Plandome Manor to continue Leeds Pond hearing next week

Plandome Manor to continue Leeds Pond hearing next week
Frank Picininni speaks to the Plandome Manor Board of Zoning Appeals on Thursday, June 22. (Photo by Brandon Duffy)

The Plandome Manor Board of Zoning Appeals will continue a public hearing to consider approving an application for a developer to place 500 cubic yards of site fill in the backyard of a property that sits on Leeds Pond. 

The first hearing on June 15 was continued to July 20 after the board reserved a decision on the matter and to keep the record open until June 29. Additionally, opponents of the application submitted by 1362 Plandome Road LCC—primarily led by attorney Christopher Murray, who is representing adjacent neighbors at 1 Stonytown Road—had two weeks to review any documents with the application and submit any written correspondence they might find necessary.

1362 Plandome also had two weeks following that to respond as well.

Village code allows up to 50 cubic yards of site fill, which is the use of soil, sand or other building materials to change the existing ground level of an area of land according to the code. Civil engineer for the application, Michael Rant, presented to the board a different plan to regrade the backyard, which would then require only 300 cubic yards of fill.

Ahead of the June 15 meeting, a petition called “Save Leeds Pond & Beyond!” was created to bring awareness to preserving the pond, calling on multiple government entities including North Hempstead, which owns the pond, to “enforce the law to ensure the health of Leeds Pond.”

Leeds Pond is part of Nassau County’s 35-acre Leeds Pond Preserve, which overlooks Manhasset Bay. It is approximately 21.4 acres in size with a tributary watershed area of about 2.275 acres. 

Plandome Manor Mayor Barbara Donno said the petition and accompanying flier disseminated to residents contained inaccurate and misleading information. 

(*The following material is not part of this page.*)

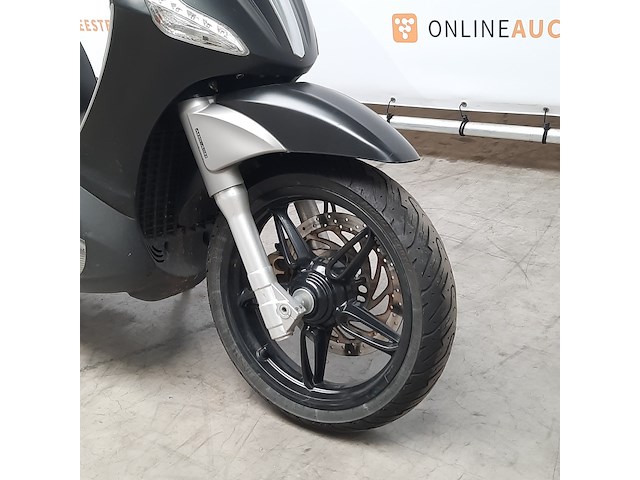 Motorscooter, piaggio, 350 beverly sport, 2015 - afbeelding 21 van  24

Donno said the application itself has nothing to do with Leeds Pond and is entirely about the property at 1362 Plandome Road. The mayor stressed that the project has full approval from the state’s Department of Environmental Conservation, which is the authoritative body on wetlands like Leeds Pond.

“All necessary precautions and measures have been taken to adhere to the guidelines and regulations set forth by the DEC, ensuring the environmental sustainability and integrity of the area,” Donno wrote in a letter posted to the village website. 

Donno emphasized the inaccuracy of the information provided in the petition and flier and asked residents who have questions on any applications to come to the village.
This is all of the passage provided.